**What is required**
Keep each entry exactly as written when you repeat it, and skip the images.
BEGIN Material for the task
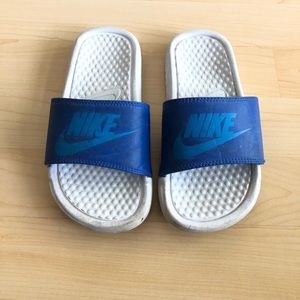 Kids Nike Slides 1Y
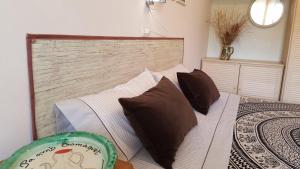 a bedroom with a large bed with brown pillows at Apartament Torrellenc in Torrellas de Foix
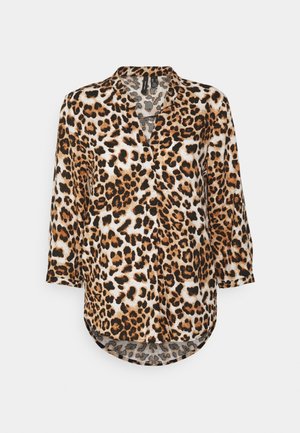 Blus med leopardmönster och v-ringning, 3/4-långa ärmar och rundad nederkant. Tillverkad av ett glatt, lätt tyg med orange och svarta fläckar på en krämfärgad bakgrund.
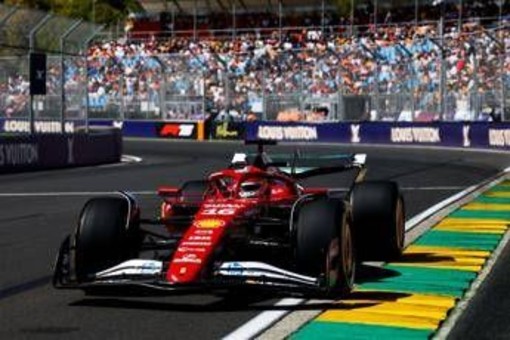 Gp Australia, Leclerc con Ferrari più veloce in prove libere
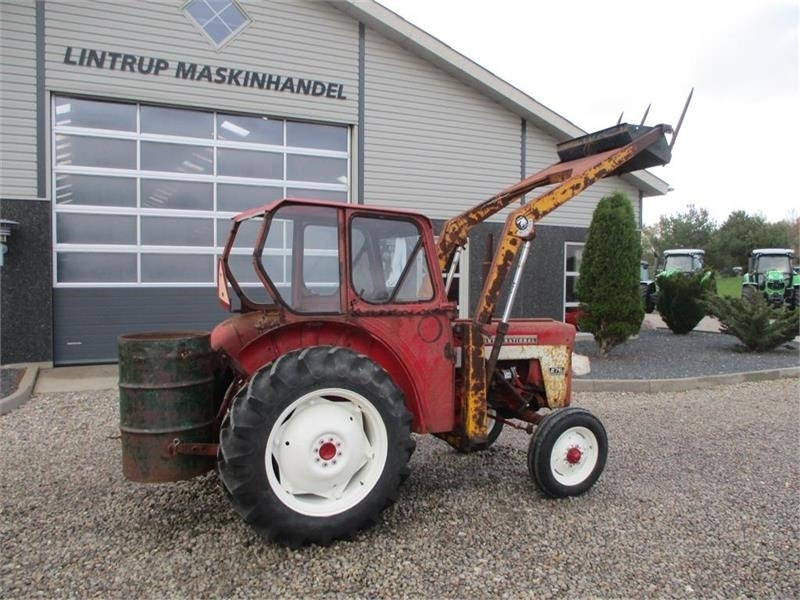 Traktor IH 276 Med frontlæsser: pilt 11
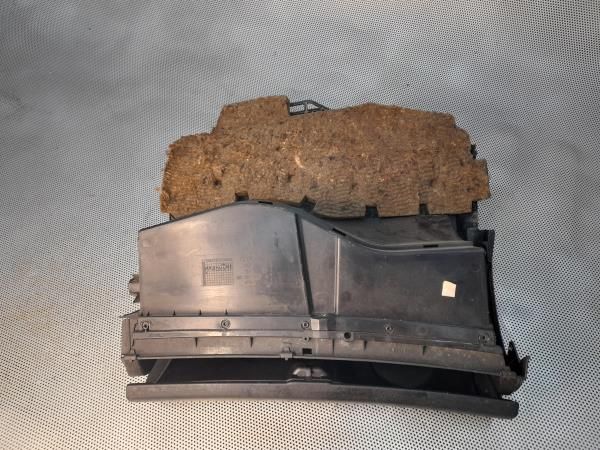 Porta luvas AUDI A4 (8D2, B5)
END Material for the task
**Response to the exercise**
 Kids Nike Slides 1Y
 a bedroom with a large bed with brown pillows at Apartament Torrellenc in Torrellas de Foix
 Blus med leopardmönster och v-ringning, 3/4-långa ärmar och rundad nederkant. Tillverkad av ett glatt, lätt tyg med orange och svarta fläckar på en krämfärgad bakgrund.
 Gp Australia, Leclerc con Ferrari più veloce in prove libere
 Traktor IH 276 Med frontlæsser: pilt 11
 Porta luvas AUDI A4 (8D2, B5)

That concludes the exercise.